• Aim of the exercise:
Every line below from the one with "YEEZY SHOE BOX unisex - Picture 4 of 7" through the one with "Lilac City Motor Inn" is to be repeated exactly, with no picture among them.

• Data extracts:
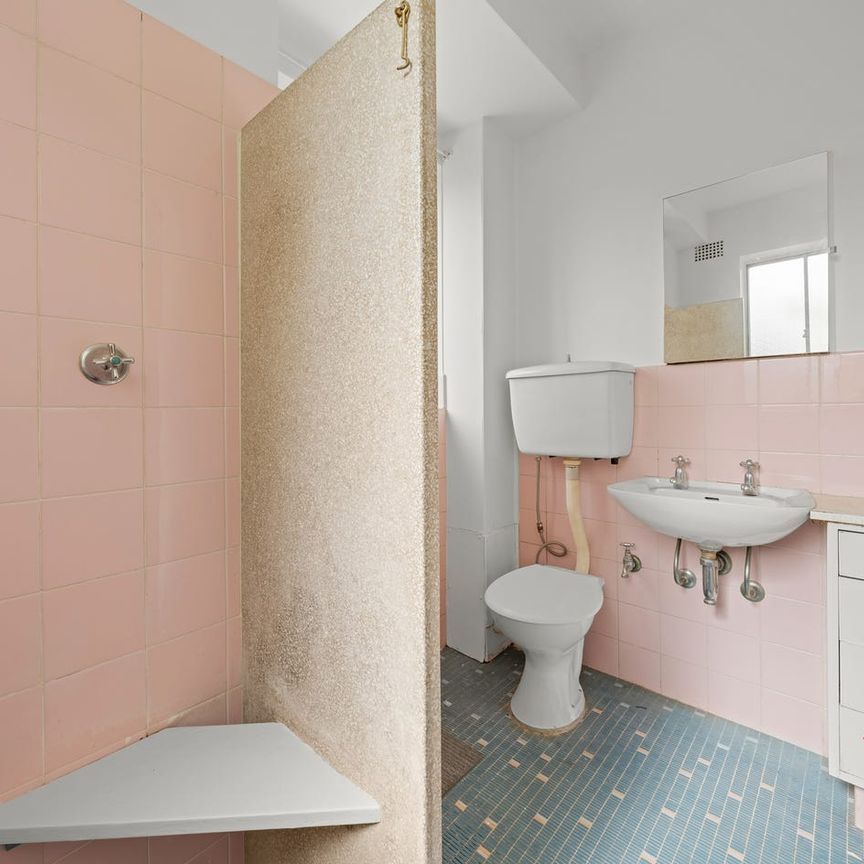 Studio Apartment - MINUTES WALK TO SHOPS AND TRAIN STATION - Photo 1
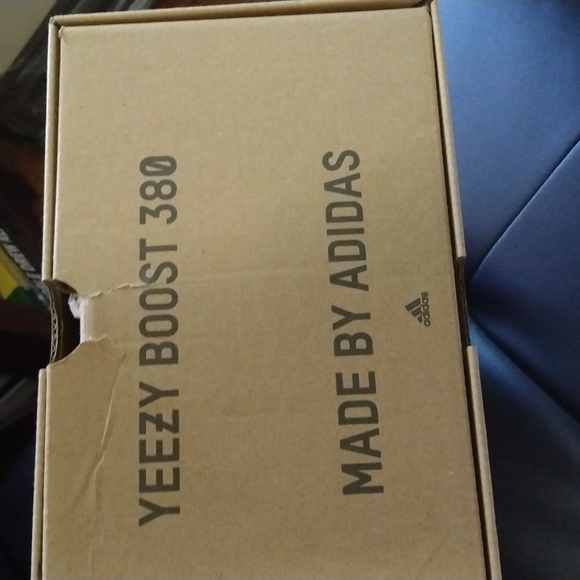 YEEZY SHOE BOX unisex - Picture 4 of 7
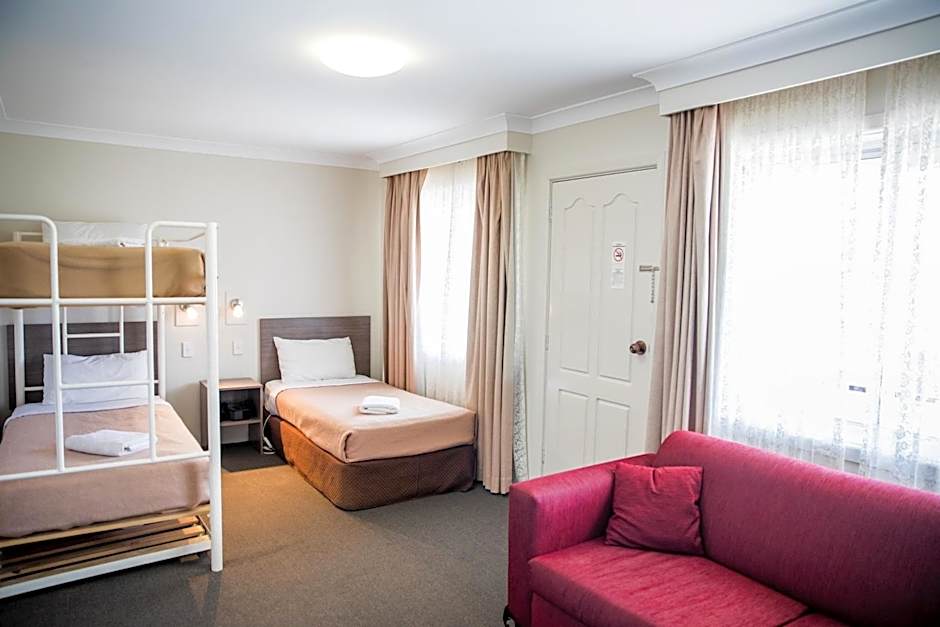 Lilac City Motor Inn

---

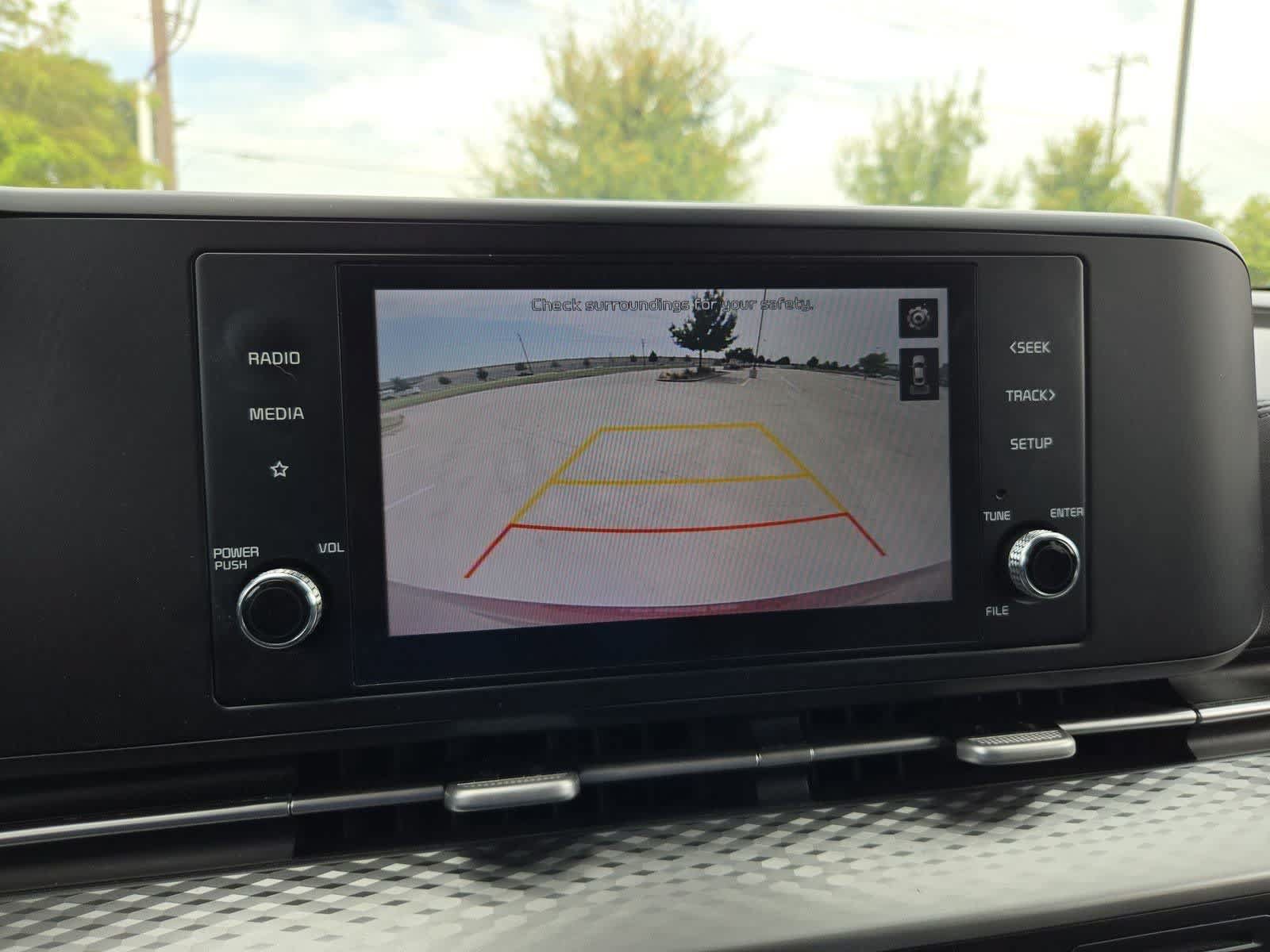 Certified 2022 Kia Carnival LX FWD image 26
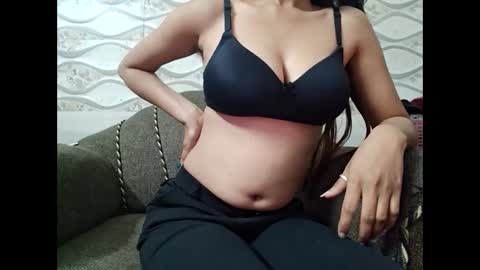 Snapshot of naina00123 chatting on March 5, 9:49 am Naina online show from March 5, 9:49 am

• Completed exercise:
 YEEZY SHOE BOX unisex - Picture 4 of 7
 Lilac City Motor Inn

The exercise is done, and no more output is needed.